Retype the data below exactly; skip every image.
**** Stored data ****
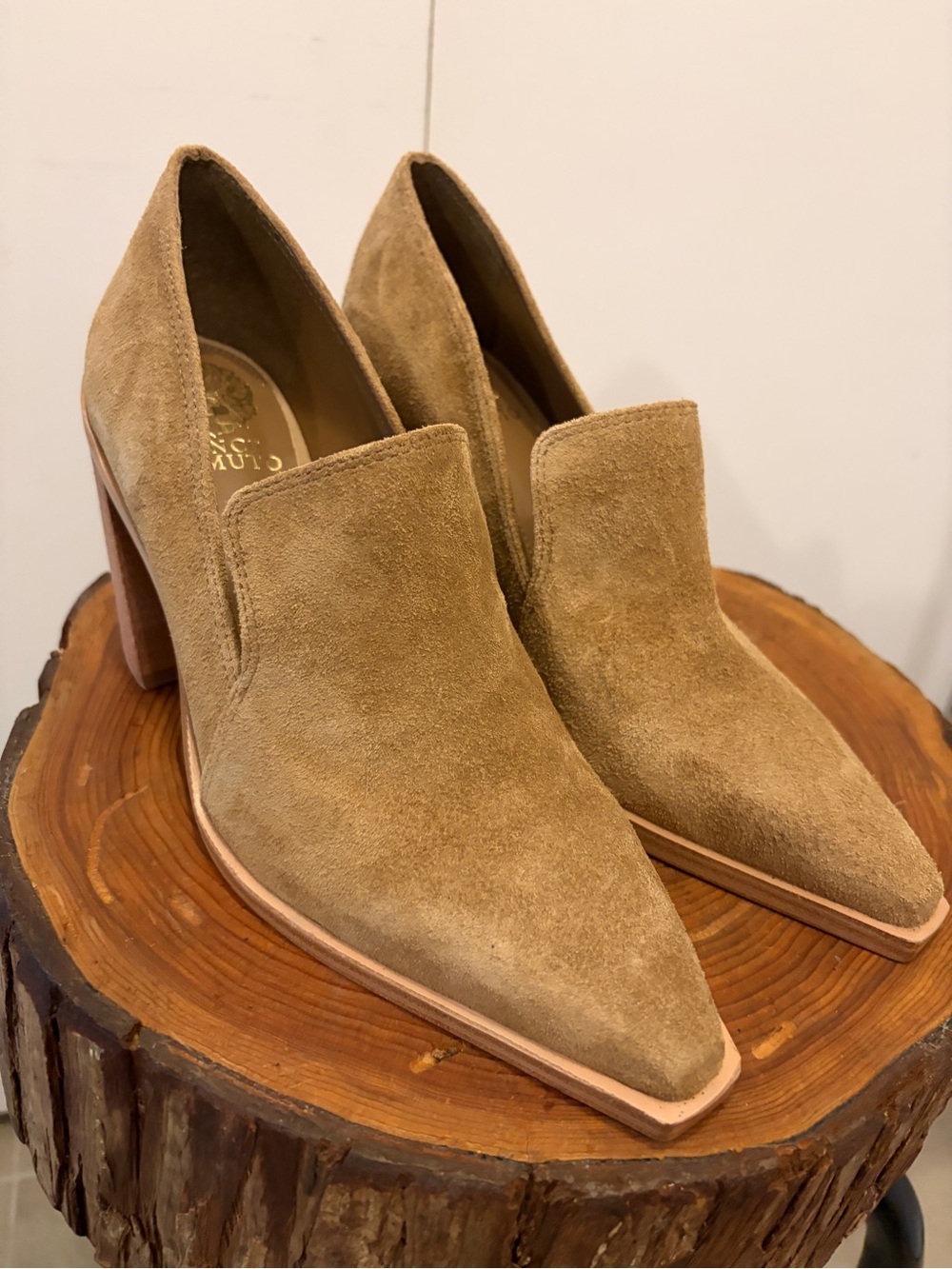 Vince Camuto Suede Pointed-Toe Block Heel Pumps - Camel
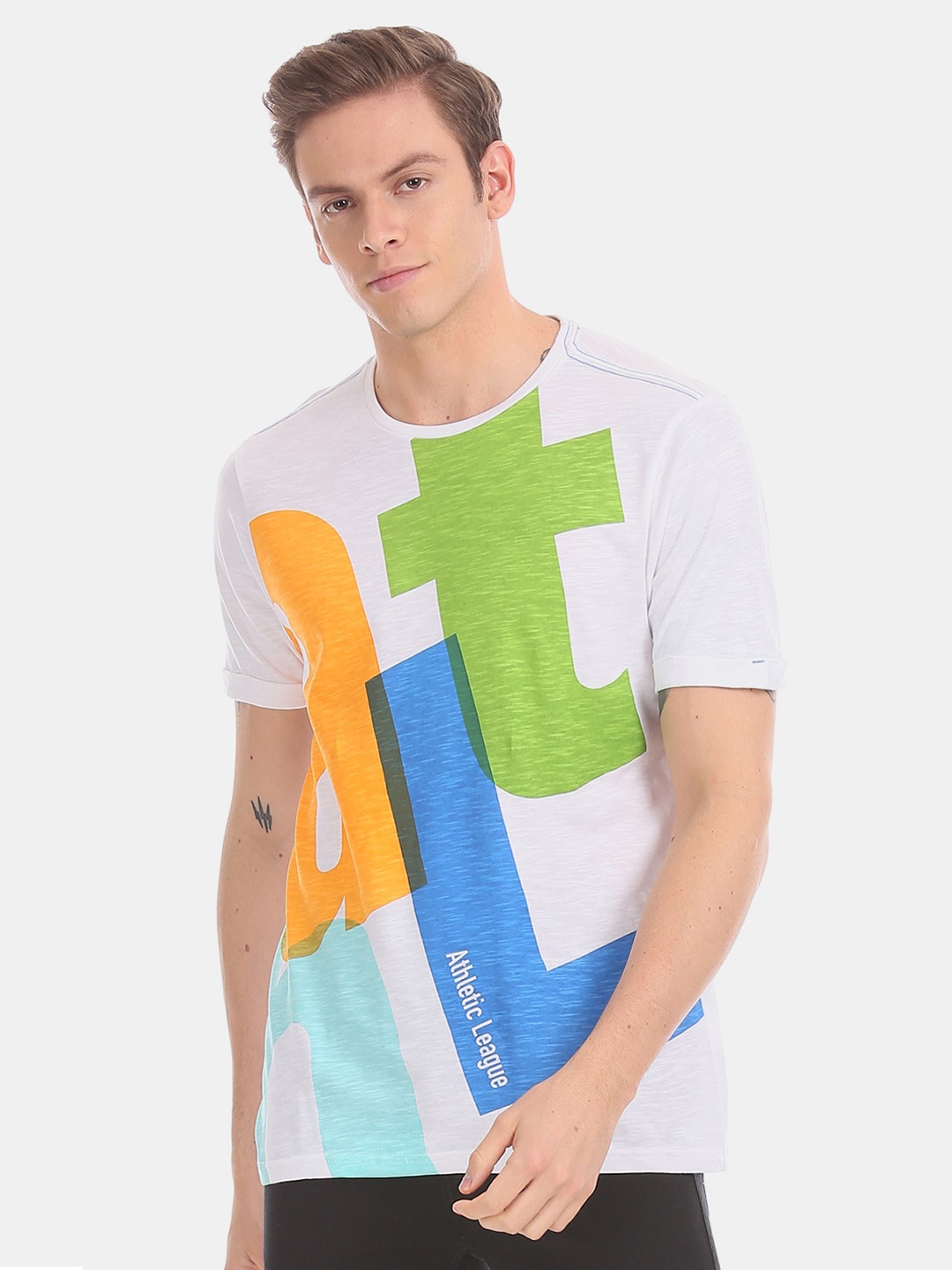 

Colt Men White Typography Printed Slim Fit T-shirt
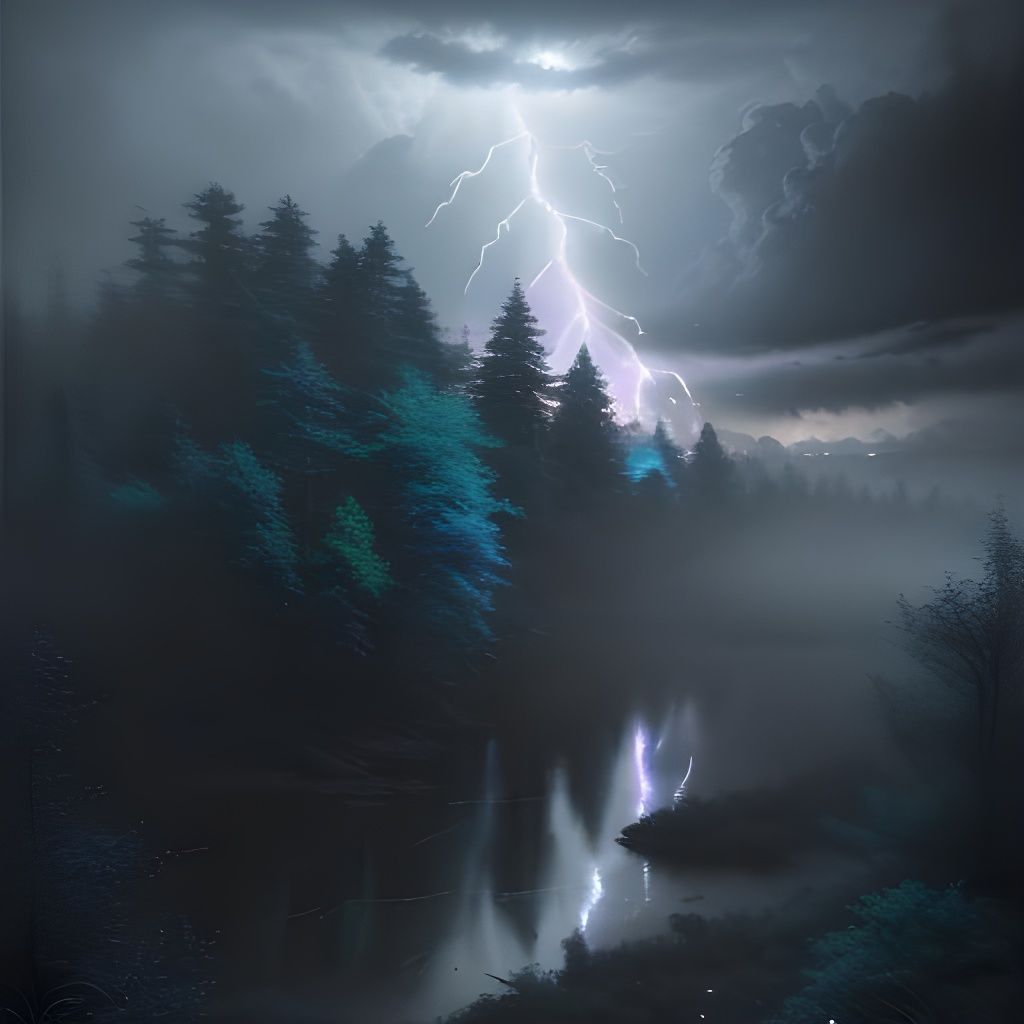 Magical Forest Landscape with Volumetric Lighting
****
> Written response:
 Vince Camuto Suede Pointed-Toe Block Heel Pumps - Camel

Colt Men White Typography Printed Slim Fit T-shirt
 Magical Forest Landscape with Volumetric Lighting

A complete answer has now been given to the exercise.